JAKARTA, MasterV – Organisation for Economic Co-operation and Development (OECD) memperkirakan adanya potensi peningkatan defisit dalam Anggaran Pendapatan dan Belanja Negara (APBN) Indonesia pada tahun 2025. Kendati demikian, proyeksi ini menunjukkan bahwa peningkatan tersebut diyakini masih dalam koridor aman, selaras dengan regulasi yang ditetapkan oleh Undang-Undang Keuangan Negara.
Dalam laporan OECD Economic Outlook edisi Juni 2025, lembaga internasional terkemuka ini memprediksi bahwa defisit APBN Indonesia akan mengalami kenaikan, dari 2,3 persen terhadap produk domestik bruto (PDB) pada tahun 2024 menjadi 2,8 persen pada tahun 2025. Salah satu faktor yang memengaruhi kenaikan ini adalah alokasi anggaran untuk sejumlah program baru yang memiliki karakteristik sosial dan strategis.
Salah satu program yang mendapatkan sorotan utama adalah Program Makan Bergizi Gratis (MBG), dengan alokasi anggaran mencapai Rp 171 triliun pada tahun ini.

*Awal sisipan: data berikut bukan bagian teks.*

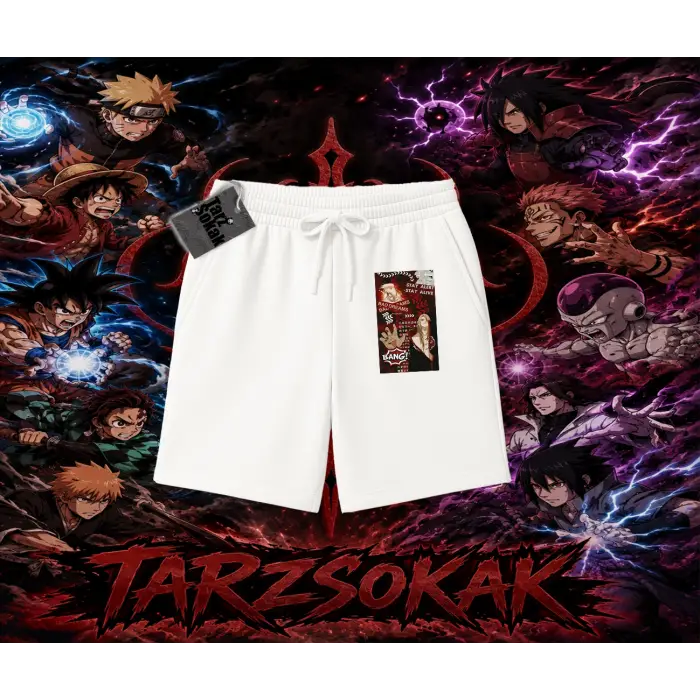 Deidara Naruto Anime Karakteri Unisex Şort Beyaz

Program ini didesain untuk meningkatkan status gizi anak sekolah serta ibu hamil, sebagai sebuah investasi jangka panjang yang signifikan dalam kesehatan dan produktivitas masyarakat secara keseluruhan.
Di samping itu, pemerintah juga telah meluncurkan Badan Pengelola Investasi Daya Anagata Nusantara (BPI Danantara), yang memiliki tujuan untuk memperkuat posisi fiskal melalui mobilisasi dana yang ditujukan untuk proyek infrastruktur dan industri. Walaupun pemanfaatan dana dari BPI Danantara baru akan mencapai titik optimal pada tahun 2025, peluncuran badan ini mencerminkan komitmen yang kuat terhadap pembangunan berkelanjutan.

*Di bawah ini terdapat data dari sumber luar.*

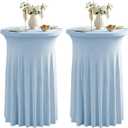 Qubjus 2 Pack Round Cocktail Tablecloths Stretch Table Skirt - 32x43 inch Bar High Top Stylish and Elegant Cocktail Table Covers for Parties, Weddings, Holidays - Light Blue
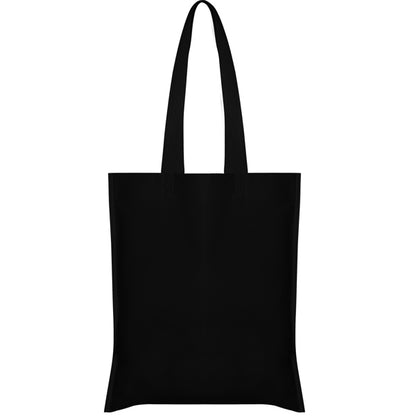 Stamina Crest non-woven polypropylene tote bag in black, ready for logo printing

OECD juga memberikan catatan bahwa kebijakan diskon tarif listrik sebesar 50 persen yang diberlakukan pada Januari–Februari 2025 turut memberikan tekanan sementara terhadap kondisi fiskal. Meskipun demikian, pemerintah dinilai telah mengambil langkah-langkah antisipatif melalui upaya efisiensi belanja negara, yang mencapai sekitar 1,3 persen dari PDB.
Dengan demikian, terlepas dari adanya tekanan terhadap anggaran, defisit pada tahun ini diperkirakan akan tetap berada di bawah ambang batas 3 persen, sesuai dengan ketentuan yang telah diatur dalam Undang-Undang Nomor 17 Tahun 2003 tentang Keuangan Negara.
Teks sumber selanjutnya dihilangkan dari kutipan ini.